Of stone, art and Wales: Margaret Lloyd draws from Welsh heritage for her artworks on slate

  • Margaret Lloyd, here displaying some of her work on slate at her Florence home, has opened an exhibit in Amherst of engravings and watercolor paintings on slate. STAFF PHOTO/JERREY ROBERTS

  • Margaret Lloyd, here displaying some of her work on slate at her Florence home, has opened an exhibit in Amherst of engravings and watercolor paintings on slate. STAFF PHOTOS/JERREY ROBERTS

  • Watercolor paintings on slate by Margaret Lloyd. STAFF PHOTO/JERREY ROBERTS

  • Many of Lloyd’s watercolor paintings are inspired by the Welsh landscape and historic settings such as these standing rocks, at left.

  • Lloyd’s etching on slate of mining boots used in the slate industry in Wales. STAFF PHOTO/JERREY ROBERTS

  • Lloyd uses a variety of slate, including some from Wales, for her  work. STAFF PHOTO/JERREY ROBERTS

  • A view of Welsh mountains in a watercolor painting on slate by artist Margaret Lloyd of Florence. STAFF PHOTO/JERREY ROBERTS

  • “The Sea of Snow,” watercolor painting on slate. Image courtesy Margaret Lloyd

For the Bulletin
Published: 12/5/2018 4:43:08 PM

What better way is there to express thoughts and emotions than getting them down on paper? Artist Margaret Lloyd says engraving them into pure, Welsh slate makes self-expression that much more satisfying.

Lloyd, a native of Wales who now lives in Florence, brought her passion-filled mind and more-than-capable hands to the United States years ago, and she’s since produced a plethora of artwork, from poetry to painting, representing the physical beauty and historical richness of her home country.

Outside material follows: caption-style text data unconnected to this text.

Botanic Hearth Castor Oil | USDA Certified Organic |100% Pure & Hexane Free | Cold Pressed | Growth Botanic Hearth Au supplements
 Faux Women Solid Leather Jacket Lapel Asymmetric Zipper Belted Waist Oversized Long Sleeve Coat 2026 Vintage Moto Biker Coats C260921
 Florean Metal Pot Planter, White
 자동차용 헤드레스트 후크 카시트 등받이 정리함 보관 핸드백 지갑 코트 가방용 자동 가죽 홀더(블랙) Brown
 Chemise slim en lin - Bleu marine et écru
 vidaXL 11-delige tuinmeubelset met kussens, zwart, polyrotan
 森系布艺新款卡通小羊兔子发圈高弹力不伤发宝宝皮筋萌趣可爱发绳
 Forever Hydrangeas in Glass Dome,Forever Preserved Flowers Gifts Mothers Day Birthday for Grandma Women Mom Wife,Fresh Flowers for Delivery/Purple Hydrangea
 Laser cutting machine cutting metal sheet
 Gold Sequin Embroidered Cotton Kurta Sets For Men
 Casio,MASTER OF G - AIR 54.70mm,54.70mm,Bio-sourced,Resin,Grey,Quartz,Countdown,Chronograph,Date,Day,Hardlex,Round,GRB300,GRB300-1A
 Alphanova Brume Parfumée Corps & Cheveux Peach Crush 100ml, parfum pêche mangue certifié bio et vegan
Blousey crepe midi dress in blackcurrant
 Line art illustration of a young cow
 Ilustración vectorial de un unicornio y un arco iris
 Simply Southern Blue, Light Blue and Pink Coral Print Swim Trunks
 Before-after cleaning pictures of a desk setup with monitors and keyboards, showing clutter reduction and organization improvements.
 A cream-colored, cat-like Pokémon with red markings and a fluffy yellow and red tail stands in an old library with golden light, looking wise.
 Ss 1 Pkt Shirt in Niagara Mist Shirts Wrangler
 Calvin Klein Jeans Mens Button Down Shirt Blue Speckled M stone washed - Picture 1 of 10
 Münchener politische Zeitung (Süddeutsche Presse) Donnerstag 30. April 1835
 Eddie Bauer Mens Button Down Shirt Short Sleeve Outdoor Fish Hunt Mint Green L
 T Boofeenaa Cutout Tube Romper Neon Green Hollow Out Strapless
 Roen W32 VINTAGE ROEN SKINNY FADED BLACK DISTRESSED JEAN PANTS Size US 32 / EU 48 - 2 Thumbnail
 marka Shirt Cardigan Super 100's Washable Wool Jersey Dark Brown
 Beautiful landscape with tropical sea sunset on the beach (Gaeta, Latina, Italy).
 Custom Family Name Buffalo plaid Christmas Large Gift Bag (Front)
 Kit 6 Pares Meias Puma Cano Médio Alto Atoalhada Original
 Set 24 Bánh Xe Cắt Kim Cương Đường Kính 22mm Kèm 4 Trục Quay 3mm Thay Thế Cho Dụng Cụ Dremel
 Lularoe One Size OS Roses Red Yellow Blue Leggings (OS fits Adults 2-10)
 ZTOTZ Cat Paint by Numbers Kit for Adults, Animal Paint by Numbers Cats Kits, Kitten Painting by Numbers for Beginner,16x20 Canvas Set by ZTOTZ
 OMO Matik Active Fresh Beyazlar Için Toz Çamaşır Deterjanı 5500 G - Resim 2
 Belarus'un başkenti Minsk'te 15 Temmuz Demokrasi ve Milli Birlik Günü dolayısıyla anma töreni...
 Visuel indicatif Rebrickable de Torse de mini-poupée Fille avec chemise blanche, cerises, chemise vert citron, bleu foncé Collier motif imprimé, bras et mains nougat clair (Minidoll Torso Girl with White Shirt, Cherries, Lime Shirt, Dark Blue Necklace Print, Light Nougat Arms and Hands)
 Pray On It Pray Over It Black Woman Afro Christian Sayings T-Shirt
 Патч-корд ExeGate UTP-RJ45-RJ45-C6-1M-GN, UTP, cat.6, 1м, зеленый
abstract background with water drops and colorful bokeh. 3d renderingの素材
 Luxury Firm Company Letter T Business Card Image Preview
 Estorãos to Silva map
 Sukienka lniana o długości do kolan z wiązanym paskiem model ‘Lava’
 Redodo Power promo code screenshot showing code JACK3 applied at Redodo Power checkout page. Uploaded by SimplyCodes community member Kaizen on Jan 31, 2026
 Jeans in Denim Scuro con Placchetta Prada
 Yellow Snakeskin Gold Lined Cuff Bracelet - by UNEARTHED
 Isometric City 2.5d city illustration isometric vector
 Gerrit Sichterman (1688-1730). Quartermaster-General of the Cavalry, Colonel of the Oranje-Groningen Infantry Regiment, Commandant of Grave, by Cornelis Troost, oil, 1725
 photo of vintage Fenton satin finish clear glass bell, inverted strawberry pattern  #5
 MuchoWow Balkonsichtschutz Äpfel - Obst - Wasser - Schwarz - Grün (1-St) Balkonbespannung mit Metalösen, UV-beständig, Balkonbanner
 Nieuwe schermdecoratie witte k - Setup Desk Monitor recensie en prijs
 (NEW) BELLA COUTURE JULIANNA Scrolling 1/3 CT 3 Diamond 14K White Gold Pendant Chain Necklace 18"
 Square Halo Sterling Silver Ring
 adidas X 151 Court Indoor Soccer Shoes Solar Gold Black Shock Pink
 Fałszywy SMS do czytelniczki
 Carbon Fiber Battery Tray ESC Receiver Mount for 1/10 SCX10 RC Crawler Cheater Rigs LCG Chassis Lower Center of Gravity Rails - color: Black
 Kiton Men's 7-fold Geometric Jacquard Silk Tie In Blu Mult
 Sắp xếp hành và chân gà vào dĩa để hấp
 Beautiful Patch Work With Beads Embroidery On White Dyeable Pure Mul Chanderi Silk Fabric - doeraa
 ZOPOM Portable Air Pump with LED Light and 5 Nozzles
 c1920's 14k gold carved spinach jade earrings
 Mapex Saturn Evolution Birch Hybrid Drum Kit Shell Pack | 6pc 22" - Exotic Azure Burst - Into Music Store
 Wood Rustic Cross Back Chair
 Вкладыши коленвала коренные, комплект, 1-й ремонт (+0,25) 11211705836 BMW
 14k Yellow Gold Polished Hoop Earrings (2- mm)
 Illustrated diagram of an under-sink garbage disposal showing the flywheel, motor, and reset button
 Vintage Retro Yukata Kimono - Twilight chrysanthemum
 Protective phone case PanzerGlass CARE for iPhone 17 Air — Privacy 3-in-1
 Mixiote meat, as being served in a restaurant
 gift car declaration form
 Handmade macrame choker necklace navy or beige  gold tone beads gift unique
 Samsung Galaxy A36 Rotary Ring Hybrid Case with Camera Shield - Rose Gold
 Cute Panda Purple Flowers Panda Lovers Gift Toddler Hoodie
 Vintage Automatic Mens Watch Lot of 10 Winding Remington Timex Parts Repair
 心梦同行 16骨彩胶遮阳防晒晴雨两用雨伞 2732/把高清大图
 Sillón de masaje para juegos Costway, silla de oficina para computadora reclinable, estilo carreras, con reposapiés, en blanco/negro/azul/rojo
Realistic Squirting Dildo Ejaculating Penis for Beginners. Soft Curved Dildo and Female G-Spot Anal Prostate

A collection of her Welsh-inspired slatework — watercolor paintings and engravings on pieces of slate — that also represents her passion for Wales is now on display in the Burnett Gallery at the Jones Library in Amherst through December 30.

Although Lloyd has spent most of her life in the United States, Welsh culture runs just as thickly through her blood as it did when she spent her early childhood in Wales, after being born in Liverpool, England. She was very young when her Welsh parents decided to move to America, but luckily, the migration didn’t affect her connection to Wales: Her family settled in a Welsh community in upstate New York.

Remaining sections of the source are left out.